Ayer mi hija Fanny me expuso su deseo de hacer una visita a la isla del Coco. tan interesante por las leyendas de tesoros enterrados allí por los piratas; y tal deseo me pareció providencial, pues si alguna estación inalámbrica pueda existir por estos parajes, solo habría de hallarse en una isla deshabitada, a más de cien leguas de la costa, no visitada por los vapores que recorren las líneas del Pacífico. Mañana en la tarde partiremos y no dejaré de enviar radiogramas sobre todo lo que allí se encuentre.

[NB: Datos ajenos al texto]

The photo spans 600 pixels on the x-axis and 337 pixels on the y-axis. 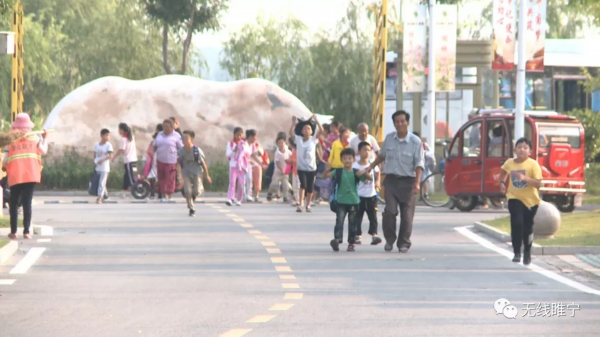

Los acorazados Haití y Puerto Rico permanecerán en Sandpoint, listos para zarpar al primer aviso. Mi hija se propone explorar toda la isla y hacer excavaciones en los lugares en que probablemente se encuentren objetos antiguos. Esteremos allí un par de días nada más.

-¿No sería más prudente que os escoltasen los otros dos acorazados?

-No es necesario. Su presencia en el puerto es indispensable para imponer respeto a los nativos que aún se niegan a reconocer nuestra dominación.

Ajenos a todos los asuntos políticos y diplomáticos. los dos enamorados -Fanny y Jack- casi no probaron los exquisitos manjares, atentos sólo al amoroso diálogo que sostenían a media voz. Un año más tarde serían marido y mujer, él obtendría su retiro definitivo, gracias a la influencia de su ilustre suegro, y su cuantiosa herencia paterna le permitiría adquirir extensas propiedades en el Estado de Texas, en donde era su intención dedicarse a la agricultura y pasar el resto de su vida consagrado a las faenas campestres, que proporcionan salud, riqueza y tranquilidad de ánimo.

Esa misma noche, a las once, un tren expreso condujo a los distinguidos huéspedes al puerto en donde los esperaba una gasolina para llevarlos a descansar a bordo del poderoso acorazado Nicaragua.